***** LISTED ENTRIES

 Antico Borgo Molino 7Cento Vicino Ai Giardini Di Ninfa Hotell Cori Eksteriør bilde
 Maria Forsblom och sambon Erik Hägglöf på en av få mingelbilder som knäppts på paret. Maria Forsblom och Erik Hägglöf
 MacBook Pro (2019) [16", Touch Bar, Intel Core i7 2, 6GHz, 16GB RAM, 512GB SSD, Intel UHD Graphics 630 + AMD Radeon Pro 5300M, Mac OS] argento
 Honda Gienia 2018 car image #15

**********
***** LISTED ENTRIES

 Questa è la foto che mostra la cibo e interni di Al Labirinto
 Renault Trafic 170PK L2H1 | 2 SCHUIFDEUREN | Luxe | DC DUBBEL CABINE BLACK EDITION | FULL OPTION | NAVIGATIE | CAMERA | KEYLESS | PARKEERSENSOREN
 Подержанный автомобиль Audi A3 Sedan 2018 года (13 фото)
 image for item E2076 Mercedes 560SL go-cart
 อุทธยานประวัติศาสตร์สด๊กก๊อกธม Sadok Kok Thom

**********

◆ **HOW TO COMPLETE THIS TASK**: Copy out the range of lines above starting at the line with "MacBook Pro (2019)" and ending at the line with "Honda Gienia 2018 car image #15", exactly and including both.

◆ **REPLY TO THE TASK**:
 MacBook Pro (2019) [16", Touch Bar, Intel Core i7 2, 6GHz, 16GB RAM, 512GB SSD, Intel UHD Graphics 630 + AMD Radeon Pro 5300M, Mac OS] argento
 Honda Gienia 2018 car image #15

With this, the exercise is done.